More fundamentally, "Stand Your Ground" reflects another Sunbelt reality: how lives are valued. For example, who gets the death penalty for murder? Study after study (Amnesty International, the ACLU, even the U.S. General Accounting Office) has documented that, more than any factor, it is the race of the victim that most accurately predicts who is put to death in America. Since 1976, when capital punishment was reinstated, between 75 to 80 percent of those executed were for killing whites, echoing the 19th and early 20th century era of Southern "lynch law," legalizing and legislating the uneven prosecution of the Jim Crow era.

This isn't just about Florida's "Stand Your Ground" law -- and those like it passed in other Southern states under the guidance of the Koch brothers-funded American Legislative Exchange Council (ALEC). Too often, it's about race, if only subtly and sotto voce. Listen carefully for the racial undertone of rhetoric in support for easing and expanding "concealed carry" firearm permits from supporters like Dunn throughout the region. It sends a clear political message to the party's white base, combining with the gun control issue as a powerful wedge issue -- always a winner.
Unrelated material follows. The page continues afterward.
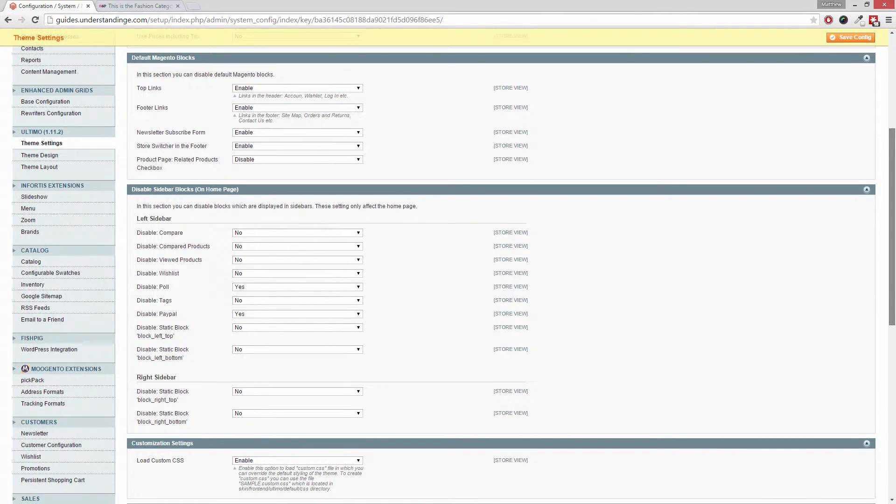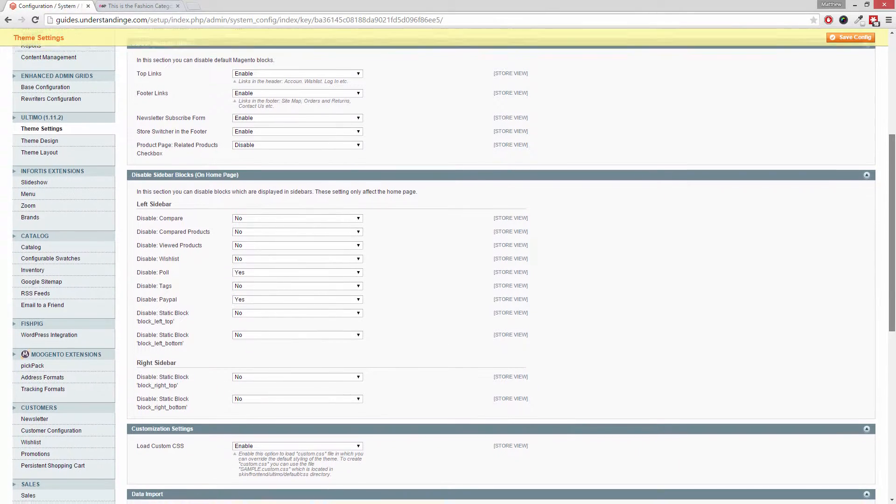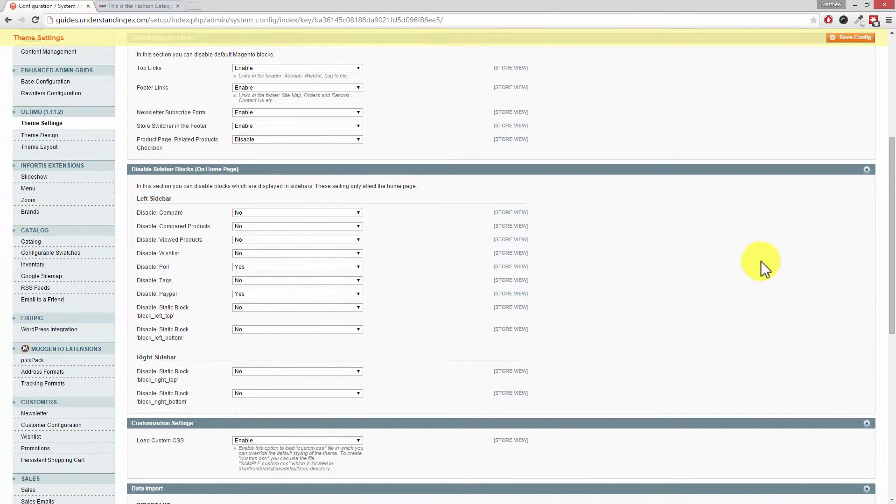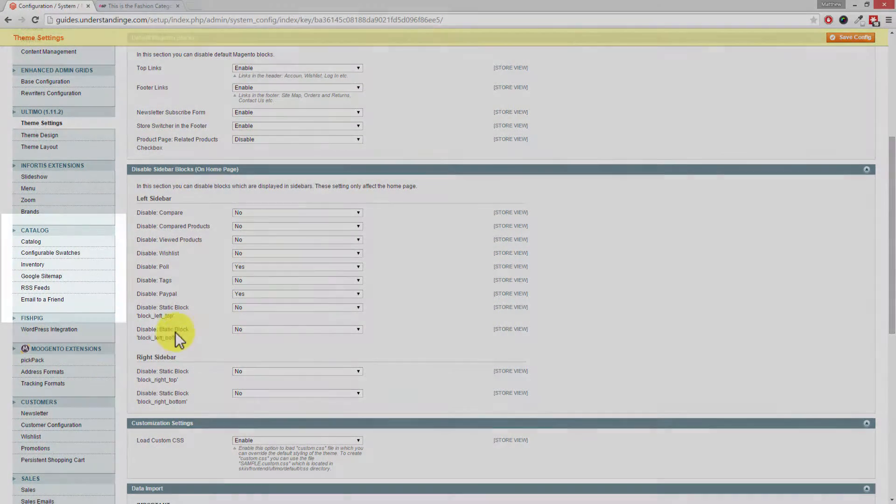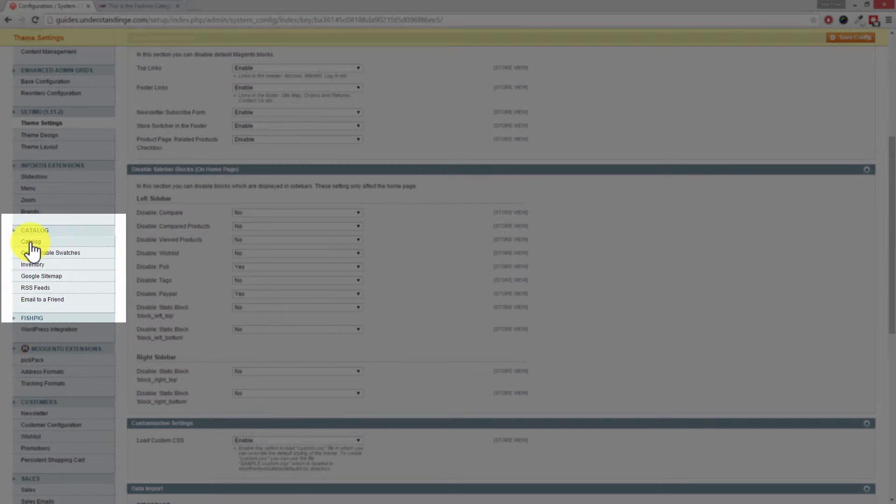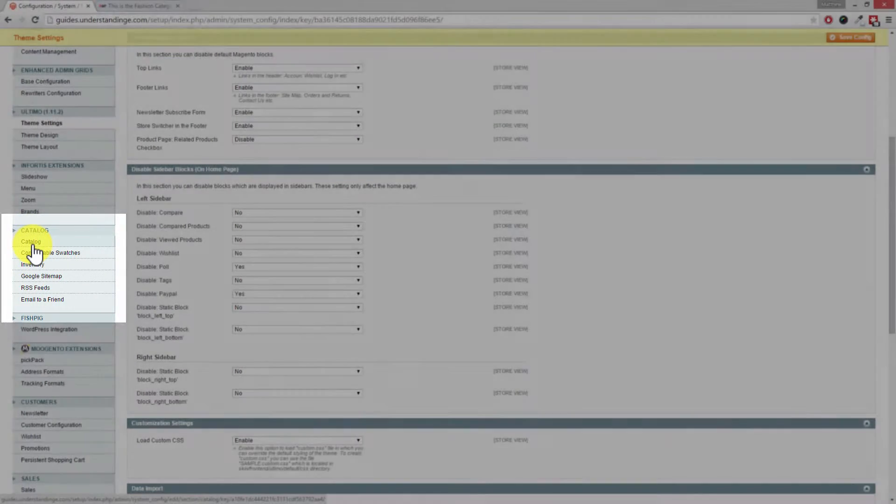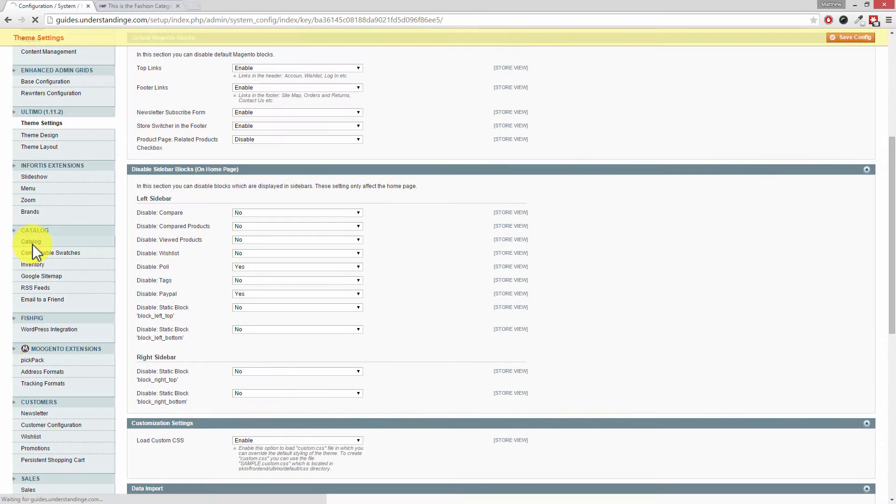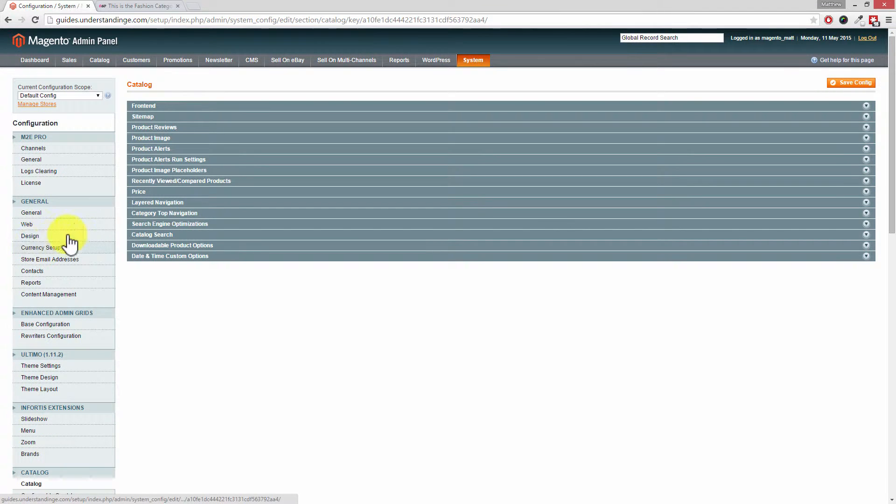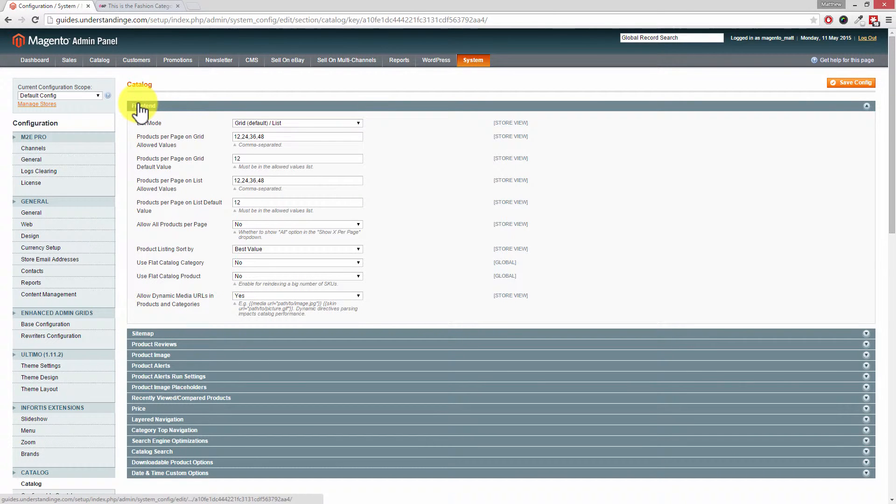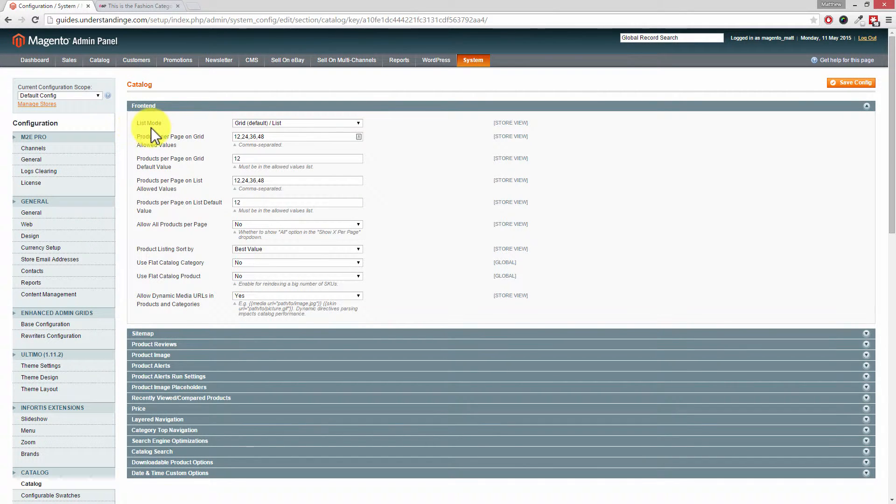I'm just going to pause and highlight this on your screen for you, where it says Catalog underneath Catalog, which is a little bit confusing. Click into Catalog and it's the first section at the top called Front End.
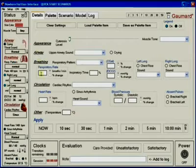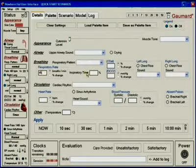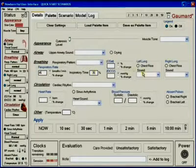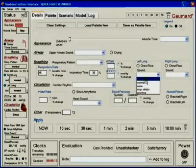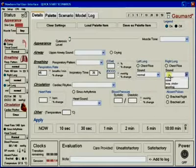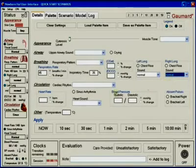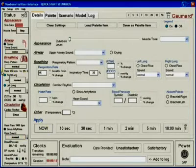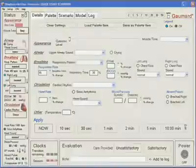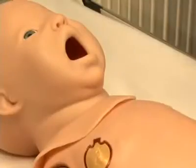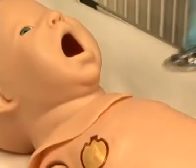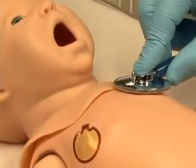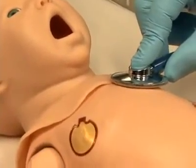Newborn HAL can easily control rate and depth of respiration and choose independent left and right lung sounds, which are synchronized with selectable breathing patterns. Multiple sounds are available.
Economic and political justice follow the same pattern as criminal justice. That's no coincidence. In Florida, as in many Sunbelt states, the GOP carries its parents' and grandparents' political DNA. That is, the zeitgeist of White Citizens Council, the coat-and-tie analog to the hooded, lower-middle- and working-class Ku Klux Klan. Racism infuses the comments of food stamp critics in Mississippi, themselves often recipients government welfare in the form of agriculture subsidies. For centuries their families relied on slaves, cheap convict labor, and peonage to tend their fields. Today they depend on low wage farm workers, including undocumented immigrants -- the same people Tea Party Republicans want to deny a path to citizenship.

These governors and legislatures have, by and large, refused to accept federal Medicaid support to provide health care to the working poor. They have enacted voter ID laws designed to reduce black and brown turnout at the polls, just as their political antecedents established "white primaries" throughout the South after Reconstruction. And in Florida, Governor Rick Scott has acted to prevent convicted felons who have served their terms from regaining the right to vote, which is routinely granted elsewhere in the country. The effect of this pernicious practice can only be to disenfranchise African Americans who disproportionately populate the prison system, as U.S. Attorney General Eric Holder noted Tuesday.

Such is the burden of Southern history. As William Faulkner wrote in 1950 in Requiem for a Nun, in this part of the country, "The past is never dead. It's not even past."